Frank Furedi, guru of Spiked,  wrote in the Daily Telegraph earlier this year.

My encounter with George Soros’s bright-eyed missionaries left me deeply disturbed

Soros does not believe in the legitimacy of borders nor in the authority of national electorates. Consequently he feels entitled to influence and if possible direct the political destiny of societies all over the world. Today it is the future of Britain; tomorrow it might be Italy or Hungary that will be the target of Soros’ largesse.

The problem with Soros is not that he is rich. (Note, like the proprietors of the Telegraph, the secretive Barclay brothers).  The rich, like the poor, are entitled to act in accordance with their political views. However, there is something morally wrong when a single individual seeks to use his wealth to alter the will of millions of people who constitute the electorate. It is even worse when an oligarch is able to exercise significant influence over the future of a society that he is not a part of.
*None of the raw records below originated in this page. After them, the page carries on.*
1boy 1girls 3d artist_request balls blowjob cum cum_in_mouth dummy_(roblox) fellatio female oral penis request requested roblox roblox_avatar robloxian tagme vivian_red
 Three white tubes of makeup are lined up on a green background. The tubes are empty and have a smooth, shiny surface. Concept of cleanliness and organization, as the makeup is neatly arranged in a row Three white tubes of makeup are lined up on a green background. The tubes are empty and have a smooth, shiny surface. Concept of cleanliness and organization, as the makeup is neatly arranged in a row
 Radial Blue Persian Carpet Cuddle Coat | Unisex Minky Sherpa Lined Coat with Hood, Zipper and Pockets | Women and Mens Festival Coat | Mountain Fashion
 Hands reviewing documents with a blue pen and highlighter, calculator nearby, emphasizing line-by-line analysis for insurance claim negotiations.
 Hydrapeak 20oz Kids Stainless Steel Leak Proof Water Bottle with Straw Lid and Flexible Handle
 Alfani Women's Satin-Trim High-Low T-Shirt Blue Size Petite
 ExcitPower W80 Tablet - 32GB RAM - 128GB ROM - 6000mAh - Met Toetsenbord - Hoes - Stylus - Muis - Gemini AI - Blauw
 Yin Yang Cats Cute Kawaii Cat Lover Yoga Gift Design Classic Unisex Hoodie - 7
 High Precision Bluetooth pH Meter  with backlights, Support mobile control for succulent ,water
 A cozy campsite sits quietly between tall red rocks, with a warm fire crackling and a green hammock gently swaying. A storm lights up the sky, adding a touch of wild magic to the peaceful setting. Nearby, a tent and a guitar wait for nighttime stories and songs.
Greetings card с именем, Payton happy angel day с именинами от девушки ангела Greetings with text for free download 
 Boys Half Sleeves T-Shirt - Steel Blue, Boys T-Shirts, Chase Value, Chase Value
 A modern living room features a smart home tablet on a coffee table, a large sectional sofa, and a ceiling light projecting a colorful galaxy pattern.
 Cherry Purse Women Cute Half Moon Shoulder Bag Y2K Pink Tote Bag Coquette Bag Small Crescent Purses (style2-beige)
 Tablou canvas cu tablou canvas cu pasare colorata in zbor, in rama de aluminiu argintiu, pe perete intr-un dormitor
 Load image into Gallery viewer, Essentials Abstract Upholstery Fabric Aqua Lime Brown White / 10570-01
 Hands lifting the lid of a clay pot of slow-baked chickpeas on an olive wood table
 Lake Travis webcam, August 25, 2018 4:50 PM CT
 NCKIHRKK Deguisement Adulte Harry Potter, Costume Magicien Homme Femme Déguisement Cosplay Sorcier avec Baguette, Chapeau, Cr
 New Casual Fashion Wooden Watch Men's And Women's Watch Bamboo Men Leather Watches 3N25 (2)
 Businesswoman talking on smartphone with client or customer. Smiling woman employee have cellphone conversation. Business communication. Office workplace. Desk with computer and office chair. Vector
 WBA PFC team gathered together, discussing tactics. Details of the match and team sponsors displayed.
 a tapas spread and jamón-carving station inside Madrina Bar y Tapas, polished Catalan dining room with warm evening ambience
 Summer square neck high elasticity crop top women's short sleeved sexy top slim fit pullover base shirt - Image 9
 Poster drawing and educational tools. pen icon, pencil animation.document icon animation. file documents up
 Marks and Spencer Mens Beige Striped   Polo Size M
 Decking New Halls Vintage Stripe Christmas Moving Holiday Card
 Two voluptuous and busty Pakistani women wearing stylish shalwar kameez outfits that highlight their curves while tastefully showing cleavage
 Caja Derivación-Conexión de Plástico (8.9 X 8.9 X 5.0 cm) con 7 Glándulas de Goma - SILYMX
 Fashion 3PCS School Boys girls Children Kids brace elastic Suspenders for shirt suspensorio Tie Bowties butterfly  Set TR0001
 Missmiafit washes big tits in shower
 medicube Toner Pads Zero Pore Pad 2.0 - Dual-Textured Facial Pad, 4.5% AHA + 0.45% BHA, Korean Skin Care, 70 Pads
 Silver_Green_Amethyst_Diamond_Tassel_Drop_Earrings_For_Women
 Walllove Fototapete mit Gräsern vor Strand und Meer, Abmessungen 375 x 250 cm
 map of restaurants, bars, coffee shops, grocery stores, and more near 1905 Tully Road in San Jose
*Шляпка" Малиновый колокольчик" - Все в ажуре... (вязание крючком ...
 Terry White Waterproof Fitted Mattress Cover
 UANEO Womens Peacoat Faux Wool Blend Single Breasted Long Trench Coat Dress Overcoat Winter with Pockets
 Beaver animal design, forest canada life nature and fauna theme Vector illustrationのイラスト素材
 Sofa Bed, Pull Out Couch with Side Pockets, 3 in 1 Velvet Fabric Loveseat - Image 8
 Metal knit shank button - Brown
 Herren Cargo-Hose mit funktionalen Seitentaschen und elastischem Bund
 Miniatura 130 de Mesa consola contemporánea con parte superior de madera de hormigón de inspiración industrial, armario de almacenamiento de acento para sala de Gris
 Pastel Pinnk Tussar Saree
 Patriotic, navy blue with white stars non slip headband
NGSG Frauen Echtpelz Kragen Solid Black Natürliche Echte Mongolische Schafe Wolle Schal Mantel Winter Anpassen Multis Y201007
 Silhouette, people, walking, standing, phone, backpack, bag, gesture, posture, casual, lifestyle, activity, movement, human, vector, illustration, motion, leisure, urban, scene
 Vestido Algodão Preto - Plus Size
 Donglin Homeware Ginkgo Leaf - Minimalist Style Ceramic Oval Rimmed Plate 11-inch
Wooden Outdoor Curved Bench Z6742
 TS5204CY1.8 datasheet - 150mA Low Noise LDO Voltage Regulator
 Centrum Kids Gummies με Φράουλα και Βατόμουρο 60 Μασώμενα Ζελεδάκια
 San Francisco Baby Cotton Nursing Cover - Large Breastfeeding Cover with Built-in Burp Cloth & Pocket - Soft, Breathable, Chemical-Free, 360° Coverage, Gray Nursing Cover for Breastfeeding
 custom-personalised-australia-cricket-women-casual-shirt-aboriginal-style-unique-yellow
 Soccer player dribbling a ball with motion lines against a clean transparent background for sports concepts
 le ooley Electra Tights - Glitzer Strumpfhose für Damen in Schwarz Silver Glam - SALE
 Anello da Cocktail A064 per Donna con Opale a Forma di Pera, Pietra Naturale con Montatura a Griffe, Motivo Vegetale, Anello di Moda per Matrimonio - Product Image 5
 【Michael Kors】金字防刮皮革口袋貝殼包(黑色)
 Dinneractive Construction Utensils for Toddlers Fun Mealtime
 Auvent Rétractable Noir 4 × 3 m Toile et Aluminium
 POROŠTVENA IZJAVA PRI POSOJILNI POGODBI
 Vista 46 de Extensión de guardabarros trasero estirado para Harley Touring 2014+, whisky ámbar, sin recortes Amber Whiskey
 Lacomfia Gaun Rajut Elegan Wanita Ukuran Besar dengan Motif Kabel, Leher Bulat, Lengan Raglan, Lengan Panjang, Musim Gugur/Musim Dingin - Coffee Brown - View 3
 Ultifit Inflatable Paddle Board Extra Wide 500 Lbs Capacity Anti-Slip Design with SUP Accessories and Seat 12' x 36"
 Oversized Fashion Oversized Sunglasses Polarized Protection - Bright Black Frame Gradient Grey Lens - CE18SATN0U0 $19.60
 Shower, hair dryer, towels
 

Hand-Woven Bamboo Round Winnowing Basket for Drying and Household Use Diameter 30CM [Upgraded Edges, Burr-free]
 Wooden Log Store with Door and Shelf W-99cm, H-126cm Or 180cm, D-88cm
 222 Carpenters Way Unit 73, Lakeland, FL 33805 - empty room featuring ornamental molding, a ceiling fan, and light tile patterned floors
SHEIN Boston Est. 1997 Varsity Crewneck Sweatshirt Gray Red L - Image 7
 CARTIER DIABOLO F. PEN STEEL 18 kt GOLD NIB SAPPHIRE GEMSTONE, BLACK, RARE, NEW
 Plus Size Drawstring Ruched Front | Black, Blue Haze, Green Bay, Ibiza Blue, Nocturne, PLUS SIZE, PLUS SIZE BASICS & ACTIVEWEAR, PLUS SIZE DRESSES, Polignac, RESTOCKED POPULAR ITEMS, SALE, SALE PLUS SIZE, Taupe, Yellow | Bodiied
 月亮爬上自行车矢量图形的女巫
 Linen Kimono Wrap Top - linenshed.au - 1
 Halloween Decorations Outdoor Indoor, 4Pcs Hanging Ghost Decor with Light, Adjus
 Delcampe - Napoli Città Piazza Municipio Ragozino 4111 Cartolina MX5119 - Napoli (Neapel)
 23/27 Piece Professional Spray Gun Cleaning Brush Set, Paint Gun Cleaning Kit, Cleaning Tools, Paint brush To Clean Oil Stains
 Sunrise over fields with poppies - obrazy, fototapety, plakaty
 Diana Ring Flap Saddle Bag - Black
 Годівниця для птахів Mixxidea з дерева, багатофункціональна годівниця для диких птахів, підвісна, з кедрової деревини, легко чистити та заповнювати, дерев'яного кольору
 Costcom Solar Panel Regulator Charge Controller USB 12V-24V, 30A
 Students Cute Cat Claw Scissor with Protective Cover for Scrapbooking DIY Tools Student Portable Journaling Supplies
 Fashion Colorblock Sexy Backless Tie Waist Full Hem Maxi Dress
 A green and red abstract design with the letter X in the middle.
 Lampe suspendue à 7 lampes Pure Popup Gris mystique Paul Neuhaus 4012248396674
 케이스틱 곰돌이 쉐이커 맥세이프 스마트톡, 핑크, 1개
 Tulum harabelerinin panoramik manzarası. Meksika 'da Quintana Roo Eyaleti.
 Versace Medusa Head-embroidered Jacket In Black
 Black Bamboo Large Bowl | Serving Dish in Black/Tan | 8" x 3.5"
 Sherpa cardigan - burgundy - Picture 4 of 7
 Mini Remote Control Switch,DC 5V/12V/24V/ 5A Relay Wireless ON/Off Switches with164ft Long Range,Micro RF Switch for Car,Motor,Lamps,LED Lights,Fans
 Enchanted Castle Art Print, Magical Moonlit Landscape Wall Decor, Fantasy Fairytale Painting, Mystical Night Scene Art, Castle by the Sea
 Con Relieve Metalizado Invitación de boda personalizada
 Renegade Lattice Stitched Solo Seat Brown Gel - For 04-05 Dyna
Former Revolutionary Communist Party Furedi is not the only disturbed person around:

The Morning Star, happy with millionaire far right-winger Arron Banks backing for the anti-EU cause, and Trade Unionists Against the EU<  threw a wobbly about Soros during the Labour Conference,

The Chuka Umunnas, Anna Soubrys, Tony Blairs, Peter Mandelsons, Vince Cables, Andrew Adonises and sundry nationalist and greenish politicians, bankrolled by George Soros and other financial interests, are linked by their contempt for democracy and their hostility to Jeremy Corbyn, John McDonnell and the socialist policies they champion.

Demonising Soros they join the nationalist far-right.

As the Financial Times points out today:

The Soros conspiracy theory goes global

Three years ago, Hungary’s prime minister accused billionaire George Soros of trying to flood the country with Middle Eastern migrants.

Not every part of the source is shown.